Responsive Classroom is like a Map Because it Guides Our Journey

processing new teaching tools

As I sat down last month to prepare a week-long course for my colleagues at St. Anne’s School, I was reminded of the first Responsive Classroom course I took in 1996.  Back then, I was moved and inspired, affirmed and challenged and excited with a powerful, youthful zeal.  My enthusiasm was unmatched by those colleagues who did not attend the course with me. I was met with everything from skepticism to “oh yeah, I know that stuff…” to “gee, could you tell me more in case I want to try it one day?” Like any of the warrior poses in yoga,  I stood strong and firm; I wrestled with my own strengths and faults so I might balance and support my use of Responsive Classroom with a sometimes  dissimilar way of thinking.  This struggle fueled me to understand and refine my teaching and to share it with others.

Over the years, I moved to St. Anne’s where this approach was valued and incorporated as a strategic initiative that unfolded over fifteen years (and continues!).  The Responsive Classroom approach is the vehicle for which the school’s mission as an Episcopal school  has been able to unfold organically with a deep commitment by the adult community.  The school and teachers keep a careful eye on child development as we designed our curriculum and classrooms.  It impacted the way we scheduled our days, how we honed our teacher language, and how we viewed parents and families as partners.
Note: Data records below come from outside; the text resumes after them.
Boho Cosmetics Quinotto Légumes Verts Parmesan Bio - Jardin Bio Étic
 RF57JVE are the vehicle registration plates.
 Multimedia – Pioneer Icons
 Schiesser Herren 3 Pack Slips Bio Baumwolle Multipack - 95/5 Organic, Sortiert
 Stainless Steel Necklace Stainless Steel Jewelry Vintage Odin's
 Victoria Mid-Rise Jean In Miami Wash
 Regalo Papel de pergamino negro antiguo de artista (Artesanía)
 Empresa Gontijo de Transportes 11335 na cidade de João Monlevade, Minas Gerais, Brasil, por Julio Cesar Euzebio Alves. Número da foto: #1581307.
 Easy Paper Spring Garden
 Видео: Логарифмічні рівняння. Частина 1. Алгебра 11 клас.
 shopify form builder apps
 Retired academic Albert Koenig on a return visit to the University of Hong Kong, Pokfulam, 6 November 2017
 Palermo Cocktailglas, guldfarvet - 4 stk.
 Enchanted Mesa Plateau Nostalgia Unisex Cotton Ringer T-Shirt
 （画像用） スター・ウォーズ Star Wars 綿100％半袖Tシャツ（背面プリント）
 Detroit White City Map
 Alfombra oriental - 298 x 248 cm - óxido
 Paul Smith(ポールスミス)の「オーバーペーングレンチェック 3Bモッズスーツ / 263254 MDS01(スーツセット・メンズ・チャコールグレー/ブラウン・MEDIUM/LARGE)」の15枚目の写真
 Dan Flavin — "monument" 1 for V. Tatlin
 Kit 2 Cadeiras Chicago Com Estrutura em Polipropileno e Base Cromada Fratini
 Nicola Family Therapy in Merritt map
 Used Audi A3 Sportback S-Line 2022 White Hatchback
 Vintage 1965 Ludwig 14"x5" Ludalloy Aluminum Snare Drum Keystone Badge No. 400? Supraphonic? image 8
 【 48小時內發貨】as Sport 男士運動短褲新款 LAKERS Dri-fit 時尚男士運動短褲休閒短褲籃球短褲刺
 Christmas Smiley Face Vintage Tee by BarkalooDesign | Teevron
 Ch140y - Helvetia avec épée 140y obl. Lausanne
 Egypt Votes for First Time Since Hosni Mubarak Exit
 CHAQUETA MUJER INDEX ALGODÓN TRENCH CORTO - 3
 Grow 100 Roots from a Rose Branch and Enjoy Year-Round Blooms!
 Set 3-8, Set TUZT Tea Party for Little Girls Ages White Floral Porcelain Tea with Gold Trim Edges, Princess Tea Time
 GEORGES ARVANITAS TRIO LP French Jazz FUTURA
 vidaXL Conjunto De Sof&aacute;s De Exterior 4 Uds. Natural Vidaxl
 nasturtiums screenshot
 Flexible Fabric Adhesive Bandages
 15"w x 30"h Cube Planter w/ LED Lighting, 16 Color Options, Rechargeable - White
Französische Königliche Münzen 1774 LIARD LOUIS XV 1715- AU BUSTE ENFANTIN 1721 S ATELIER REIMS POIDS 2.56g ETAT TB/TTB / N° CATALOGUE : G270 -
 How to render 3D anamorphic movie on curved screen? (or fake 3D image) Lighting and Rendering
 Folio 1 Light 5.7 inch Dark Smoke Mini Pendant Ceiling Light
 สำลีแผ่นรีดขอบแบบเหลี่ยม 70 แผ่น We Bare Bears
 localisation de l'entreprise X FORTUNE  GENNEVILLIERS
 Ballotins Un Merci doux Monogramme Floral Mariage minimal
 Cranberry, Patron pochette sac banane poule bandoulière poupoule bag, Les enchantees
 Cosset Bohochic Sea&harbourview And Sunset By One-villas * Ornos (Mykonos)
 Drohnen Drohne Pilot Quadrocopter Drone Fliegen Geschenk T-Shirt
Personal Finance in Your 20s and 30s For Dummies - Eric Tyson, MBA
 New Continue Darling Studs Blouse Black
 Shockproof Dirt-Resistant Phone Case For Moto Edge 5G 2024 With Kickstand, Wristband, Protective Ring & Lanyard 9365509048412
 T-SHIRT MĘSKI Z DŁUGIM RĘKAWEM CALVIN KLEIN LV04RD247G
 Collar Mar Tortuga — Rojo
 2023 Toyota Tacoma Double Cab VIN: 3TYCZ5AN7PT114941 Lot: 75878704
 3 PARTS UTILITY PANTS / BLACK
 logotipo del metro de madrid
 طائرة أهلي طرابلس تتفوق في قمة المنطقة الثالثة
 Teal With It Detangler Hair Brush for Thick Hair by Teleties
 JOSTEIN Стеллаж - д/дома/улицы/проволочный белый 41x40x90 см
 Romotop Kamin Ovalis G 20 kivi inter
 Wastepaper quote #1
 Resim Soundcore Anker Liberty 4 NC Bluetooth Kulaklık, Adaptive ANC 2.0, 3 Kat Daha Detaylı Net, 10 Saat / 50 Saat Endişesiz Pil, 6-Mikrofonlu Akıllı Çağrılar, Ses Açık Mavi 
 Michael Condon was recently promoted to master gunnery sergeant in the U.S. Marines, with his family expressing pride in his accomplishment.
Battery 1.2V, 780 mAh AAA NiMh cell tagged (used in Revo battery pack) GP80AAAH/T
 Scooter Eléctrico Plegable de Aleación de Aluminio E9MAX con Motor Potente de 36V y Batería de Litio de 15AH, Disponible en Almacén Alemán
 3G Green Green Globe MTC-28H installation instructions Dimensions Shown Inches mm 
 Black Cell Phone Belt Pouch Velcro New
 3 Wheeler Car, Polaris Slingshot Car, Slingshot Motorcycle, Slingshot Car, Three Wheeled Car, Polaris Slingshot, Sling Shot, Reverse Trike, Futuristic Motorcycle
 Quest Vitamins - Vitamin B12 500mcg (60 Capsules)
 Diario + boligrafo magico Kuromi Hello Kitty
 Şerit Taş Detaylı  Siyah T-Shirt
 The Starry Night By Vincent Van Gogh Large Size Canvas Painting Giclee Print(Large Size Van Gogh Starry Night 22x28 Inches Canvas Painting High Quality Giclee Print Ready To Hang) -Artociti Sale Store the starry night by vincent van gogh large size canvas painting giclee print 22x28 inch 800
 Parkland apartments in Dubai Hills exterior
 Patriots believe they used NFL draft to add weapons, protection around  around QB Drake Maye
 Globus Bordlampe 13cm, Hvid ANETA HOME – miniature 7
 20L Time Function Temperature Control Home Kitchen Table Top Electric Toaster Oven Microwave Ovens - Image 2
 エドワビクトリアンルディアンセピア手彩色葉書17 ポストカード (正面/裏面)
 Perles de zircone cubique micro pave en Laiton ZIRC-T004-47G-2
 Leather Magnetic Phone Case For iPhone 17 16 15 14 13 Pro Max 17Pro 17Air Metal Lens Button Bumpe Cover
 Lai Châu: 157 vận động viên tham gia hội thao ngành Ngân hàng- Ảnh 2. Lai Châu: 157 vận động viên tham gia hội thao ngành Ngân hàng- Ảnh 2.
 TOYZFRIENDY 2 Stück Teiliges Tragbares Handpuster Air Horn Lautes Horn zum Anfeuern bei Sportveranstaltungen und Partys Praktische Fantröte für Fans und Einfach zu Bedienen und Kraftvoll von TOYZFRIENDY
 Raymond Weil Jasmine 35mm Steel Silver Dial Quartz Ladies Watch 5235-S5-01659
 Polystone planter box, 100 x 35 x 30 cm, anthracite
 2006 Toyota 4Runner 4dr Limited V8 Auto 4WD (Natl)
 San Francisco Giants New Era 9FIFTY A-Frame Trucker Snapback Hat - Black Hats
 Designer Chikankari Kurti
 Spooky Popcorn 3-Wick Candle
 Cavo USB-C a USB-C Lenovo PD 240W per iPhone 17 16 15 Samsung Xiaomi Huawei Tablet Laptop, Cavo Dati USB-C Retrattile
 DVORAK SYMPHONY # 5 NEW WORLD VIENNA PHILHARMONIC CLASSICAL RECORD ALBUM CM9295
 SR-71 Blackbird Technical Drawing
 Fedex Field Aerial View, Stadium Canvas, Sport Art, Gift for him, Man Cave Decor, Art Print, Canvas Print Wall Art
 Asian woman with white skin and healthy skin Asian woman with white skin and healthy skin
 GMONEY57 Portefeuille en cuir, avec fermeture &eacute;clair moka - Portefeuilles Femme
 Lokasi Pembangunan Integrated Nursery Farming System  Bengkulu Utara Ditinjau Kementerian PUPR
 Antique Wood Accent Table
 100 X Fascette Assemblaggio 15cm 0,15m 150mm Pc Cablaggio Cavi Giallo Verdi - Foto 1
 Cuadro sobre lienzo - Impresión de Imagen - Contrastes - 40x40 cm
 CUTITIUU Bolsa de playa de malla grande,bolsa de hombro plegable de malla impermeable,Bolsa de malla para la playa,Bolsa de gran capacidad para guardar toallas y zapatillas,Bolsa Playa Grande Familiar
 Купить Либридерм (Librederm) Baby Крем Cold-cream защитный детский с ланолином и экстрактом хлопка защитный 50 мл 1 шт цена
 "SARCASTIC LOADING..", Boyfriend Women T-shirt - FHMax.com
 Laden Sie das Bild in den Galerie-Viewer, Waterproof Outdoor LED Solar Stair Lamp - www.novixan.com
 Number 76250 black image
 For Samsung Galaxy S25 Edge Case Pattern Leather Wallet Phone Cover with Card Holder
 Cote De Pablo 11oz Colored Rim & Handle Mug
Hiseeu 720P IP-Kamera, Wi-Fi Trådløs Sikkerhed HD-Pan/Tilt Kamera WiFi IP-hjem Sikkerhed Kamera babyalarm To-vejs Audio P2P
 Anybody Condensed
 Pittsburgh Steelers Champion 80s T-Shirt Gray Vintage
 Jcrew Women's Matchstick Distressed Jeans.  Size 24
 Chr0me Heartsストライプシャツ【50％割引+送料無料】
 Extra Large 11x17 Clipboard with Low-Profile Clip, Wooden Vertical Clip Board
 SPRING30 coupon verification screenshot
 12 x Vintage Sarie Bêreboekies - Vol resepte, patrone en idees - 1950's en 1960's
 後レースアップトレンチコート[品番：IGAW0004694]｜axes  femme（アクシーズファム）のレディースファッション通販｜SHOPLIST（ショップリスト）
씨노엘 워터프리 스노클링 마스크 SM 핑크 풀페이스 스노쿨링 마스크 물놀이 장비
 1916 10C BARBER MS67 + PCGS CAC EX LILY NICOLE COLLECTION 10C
This approach is a natural complement to the mindset and daily life at St. Anne’s.  Our students know what it means to care of themselves, each other and our environment.  Adults know and believe that this is a process which is influenced by many variables, but that we are village charged with raising these children to be thoughtful contributors to a range of communities.  When I see our children asking tough questions, thinking critically about information they uncover, and then showing equal determination and sensitivity when dealing with peers or social justice issues, I know the work on our social  curriculum is validated.  (This has recently supported by research – just click here to read more.)

Even though these teachers are philosophically on board and geared up to learn more, my  job wasn’t  going to be easy.  The course content is challenging (volume and breadth) and every participant brings his own set of experiences and perspectives to share or develop.  Questions arise as teachers analyze and synthesize new information into their own experiences and knowledge.  Like any good teaching, I was as prepared with the content as best I could, checked on all the nuts and bolts, and took the leap, knowing I was in good hands if I were to free fall.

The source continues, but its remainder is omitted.